Extracted information:
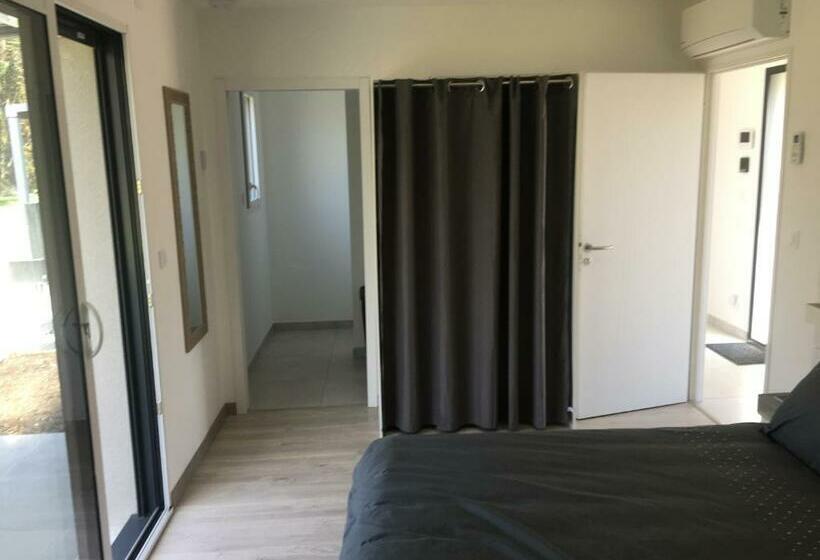 مبيت وإفطار Les Gabions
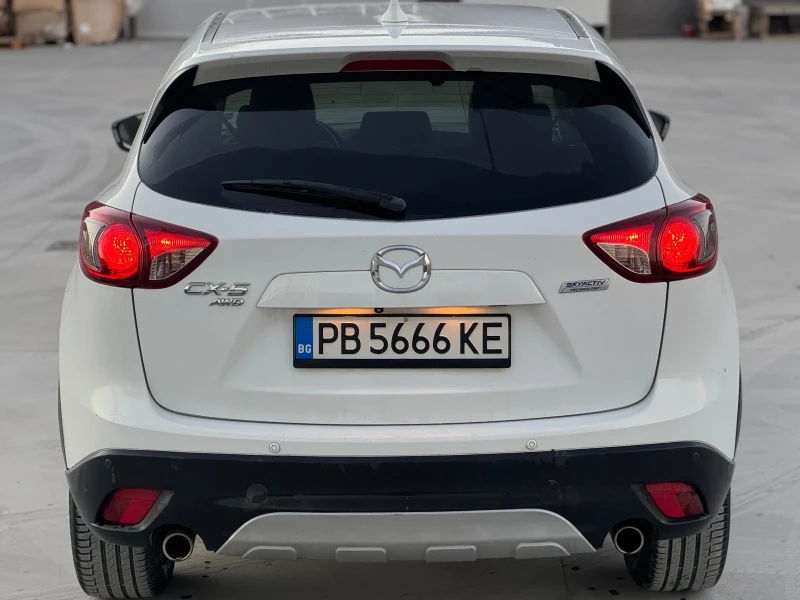 Mazda CX-5 2.2, снимка 5 - Автомобили и джипове - 53528700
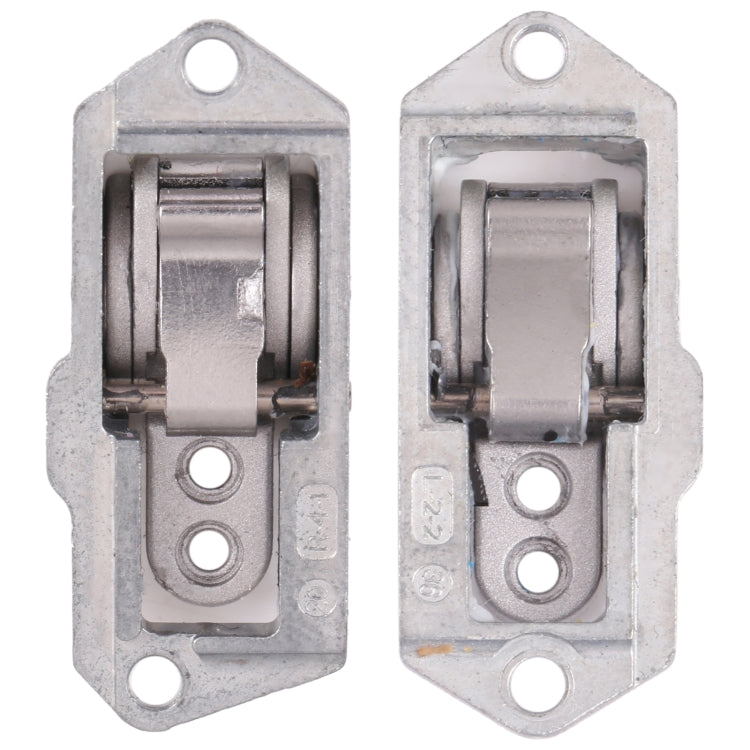 1 Pair Hinge Kickstand Connector Shaft for Microsoft Surface Pro 5 / Pro 6 / Pro 7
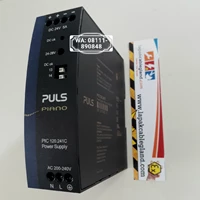 DIN Rail Power Supply Industri PULS 24Vdc 5A PIC120.241C competitor of Phoenix Contact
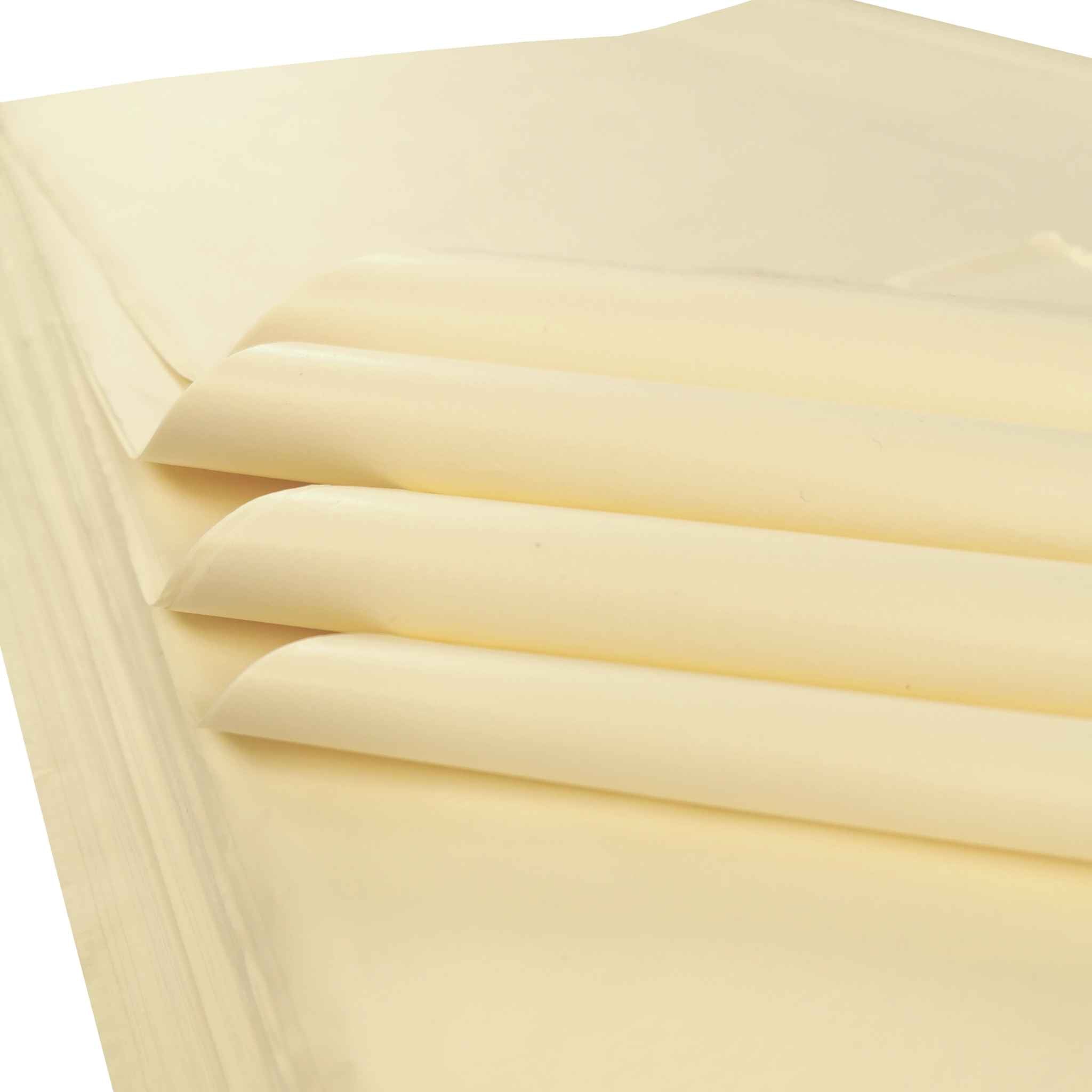 carnival-papers-tissue-papier-de-soie-ivoire-70x50cm-cr-me image 7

What the exercise asks:
Your reply must contain each entry exactly as written and no pictures.

Output of the task:
 مبيت وإفطار Les Gabions
 Mazda CX-5 2.2, снимка 5 - Автомобили и джипове - 53528700
 1 Pair Hinge Kickstand Connector Shaft for Microsoft Surface Pro 5 / Pro 6 / Pro 7
 DIN Rail Power Supply Industri PULS 24Vdc 5A PIC120.241C competitor of Phoenix Contact
 carnival-papers-tissue-papier-de-soie-ivoire-70x50cm-cr-me image 7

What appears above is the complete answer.